Question · 3 answers

MOS plate vs mill: which holds zero longer on a Glock?

The short answer: **direct mill is more stable**, but MOS is often good enough if you're honest about your maintenance.

Here's the mechanical difference. A milled slide eliminates the plate interface—one less potential shift point. MOS plates have two mounting surfaces (the plate, then the optic on the plate). Each interface can accumulate micro-movement from recoil cycles, especially if the screws aren't consistently tight.

That said: **Glock MOS plates have a solid track record** when users commit to screw discipline. Check your screws every 100-200 rounds, use blue Loctite, and you'll rarely see drift beyond 1-2 MOA over a year.

Milled slides almost never shift once set, assuming the gunsmith cut it square.

**Use-case call:** - Competition or duty work where you shoot 500+ rounds monthly? Mill it. - Carry or occasional range time? MOS plate with disciplined maintenance is fine. - Unsure if you want to commit to an RMR long-term? MOS lets you bail cheaper.

My recommendation for your specific use case depends on your round count and whether you're willing to own the maintenance habit.

3 answers
  1. @m.delacroix12d ago
    +7

    I ran this exact comparison over 18 months. Started with a MOS plate on a 19.4, then milled a 19.5. Both mounted RMR Type 2.

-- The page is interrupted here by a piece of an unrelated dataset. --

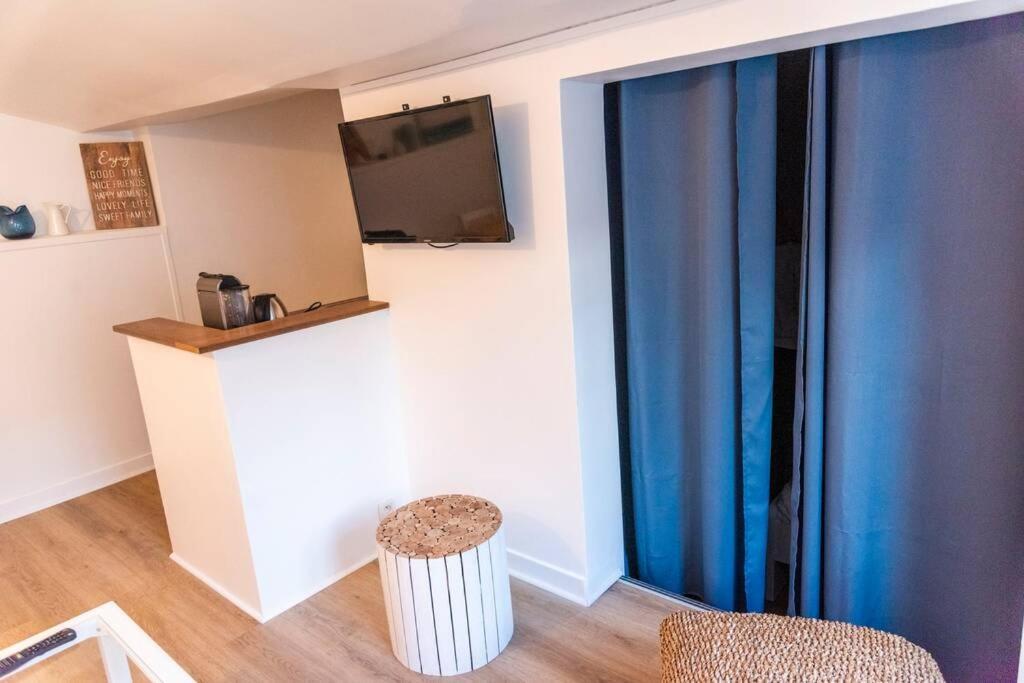 Appartement 2 Personnes, Place St Sauveur A 2Min Caen Dış mekan fotoğraf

    MOS plate baseline: 0.3 MOA drift first 200 rounds, then settled. I checked screws every 100 rounds, blue Loctite on install. Final count: 2,847 rounds. Total shift from month 1 to month 18: 0.8 MOA.

    Milled slide baseline: Set zero at round 50, confirmed at 200, 500, 1000, 2000. Zero shift: 0.0 MOA across 3,104 rounds.

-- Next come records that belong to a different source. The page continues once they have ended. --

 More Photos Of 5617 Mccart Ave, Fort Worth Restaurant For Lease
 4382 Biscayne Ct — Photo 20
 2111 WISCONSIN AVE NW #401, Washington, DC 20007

    The honest part: the MOS plate held *adequately* because I was religious about screw tension. I used a Wheeler FAT wrench. Most shooters aren't. Without that discipline, I'd estimate you see 3–5 MOA drift in the same period.

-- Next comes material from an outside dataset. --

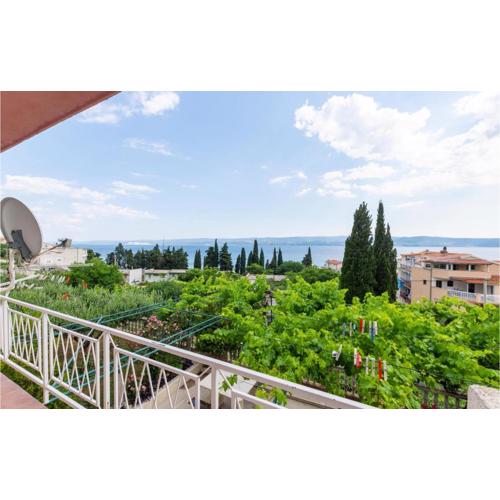 Gorgeous Apartment In Duce With Wifi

    The mill didn't require that maintenance tax, which matters if you shoot 300+ rounds a month. Less headspace to worry about during a busy week, cleaner data at the line.

    If you're at 200 rounds a month or less and you own the torque check habit, MOS is fine. If you're higher volume, the mill buys you mental real estate you can spend elsewhere.

  2. @southpaw_096d ago
    +6

    m.delacroix's data is solid—that Wheeler torque discipline is the real separator. But I'm going to push on something that doesn't always surface in the zero-shift conversation: draw path consistency.

    Honest take: I've seen shooters nail their optic zero indoors, then struggle with presentation because a raised MOS plate changes your grip interface. The plate adds height, which means your hand finds the grip slightly different on the draw. That 1–2mm of height variance compounds across hundreds of reps, and suddenly your first-round hit probability shifts even if your optic zero hasn't moved.

    Milled slides hold zero better *and* give you the same grip profile you trained with on an iron-equipped gun. For AIWB carry, that matters. You're not adjusting your draw stroke because of hardware creep.

    I'd flip m.delacroix's use-case slightly: if you're training draw-to-first-shot regularly—even at 200 rounds a month—the mill buys you something beyond zero stability. It eliminates a variable in your presentation. That's especially true if you're not doing dry-draw reps daily to calibrate against the new interface.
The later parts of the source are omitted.